Campus & Community

FAS recognizes extraordinary work of four with travel grant

4 min read

The Faculty of Arts and Sciences (FAS) wants four employees to pack their bags.

The four are this year’s winners of the FAS Administrative/Professional Prize, which recognizes extraordinary job performance benefiting the full FAS. Recipients are granted a month’s vacation time and a stipend of $7,100, after taxes, to travel wherever they wish.

This year’s recipients are Roger Banks, senior admissions and financial aid officer in the Office of Undergraduate Admissions and Financial Aid; Steven Bloomfield, executive director of the Weatherhead Center for International Affairs; Janet Hatch, director of administration in the Department of History; and Judith Kidd, associate dean for student life and activities in Harvard College.
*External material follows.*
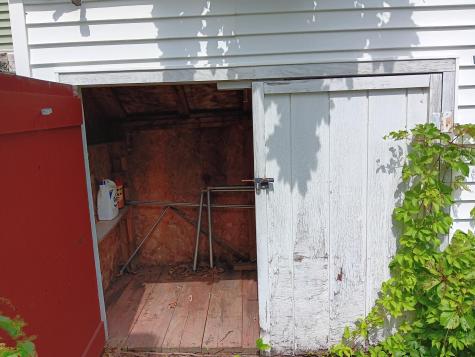 131 Maine Avenue Millinocket ME 04462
The biennial prize is available to exempt staffers who have worked at Harvard for more than five years. To be considered for the prize, an FAS employee must be nominated by two different Harvard colleagues. The number of recipients is determined by the amount of money available in the prize fund.
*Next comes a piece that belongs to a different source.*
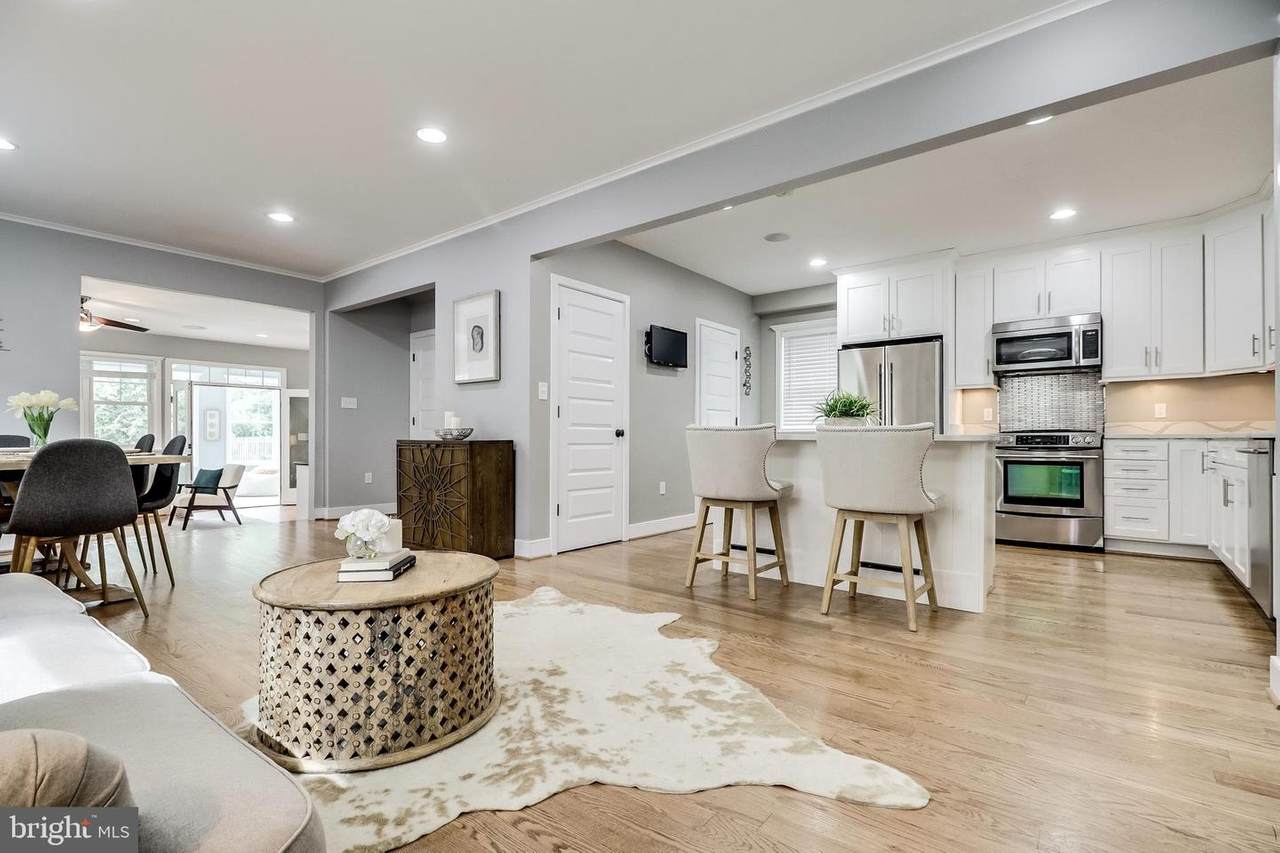 232 Cleveland Street - Photo 1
This year’s four prize winners, with a combined 89 years of service to Harvard, say that it’s the University’s faculty, staff, and students who inspire them to give their all when on the job.

“The students are endlessly interesting and challenging to work with — they have such strong ideas and ideals,” says Kidd, who as associate dean oversees the Student Activities Office, Cambridge Queen’s Head Pub, Harvard Foundation for Intercultural and Race Relations, Harvard College Women’s Center, Office for the Arts, and Phillips Brooks House. “I find my colleagues equally rewarding to work with. The College is really blessed to have the team that is assembled.”

“The most rewarding aspects of my work at Harvard are the wonderful staff, faculty, and students I interact with every day,” says Hatch, who is responsible for all nonacademic administration of the Department of History, as well as staff to the Harvard Australian Studies Committee. “They are extremely warm, engaging, and interesting people and make coming to work a joy!”

All also expressed surprise and joy tinged with humility.

“I was overwhelmed, shocked, and speechless at winning the prize and extremely grateful to all of those who nominated me,” Hatch says.

Kidd described her response as an “equal mixture of surprise, happiness, and humility. I know some of the former winners and I am honored to be in their company.”

“I am sure there are many more FAS staff more deserving than me,” says Bloomfield, who manages daily operations for the Weatherhead Center and works to advance its research mission. “I am very fortunate to live in the midst of a circle of a few highly articulate and persuasive nominators.”

Only a few weeks after notification of their awards, the recipients’ travel plans are just starting to take shape.

“I range from thinking about an African safari to a self-directed tour of the world’s great beaches,” Kidd says.

Bloomfield, who has served for many years on an Office of Career Services committee that annually selects graduating College seniors for a year of purposeful postgraduate travel, said he looked to those graduates’ experiences to shape his own thinking.

“One of the first things I did when I received notification from [FAS Dean] Michael Smith about the award was to speak with a couple of recent grantees, and to read the midyear reports of last year’s grantees to try to gain some insight into what makes a leave — even a month’s leave — essential and meaningful,” he says. “I am looking to allow for serendipity and service, to find something to do and someplace to be that will make me better in my coming back.”

The only requirement — other than that they go away — is that upon their return, prizewinners write a letter describing their travels to the anonymous Harvard alumnus whose 1994 gift funds the prize.

“It is my understanding that the donor very much enjoys reading the letters and learning about what each recipient did,” says Robert Doyle, assistant dean in FAS and associate dean of Harvard College, who chairs the committee that awards the FAS Administrative/Professional Prize.

“My theory is that no one ‘recovers’ from the grandness of winning the prize,” says Doyle, himself a former recipient. “I had a spectacular trip with my wife and daughters in 1996; we still talk about the great fun we had together. This kind donor creates for FAS employees a wonderful opportunity to plan a family trip and to travel to and experience new places. Without his generosity, such adventures would not be possible.”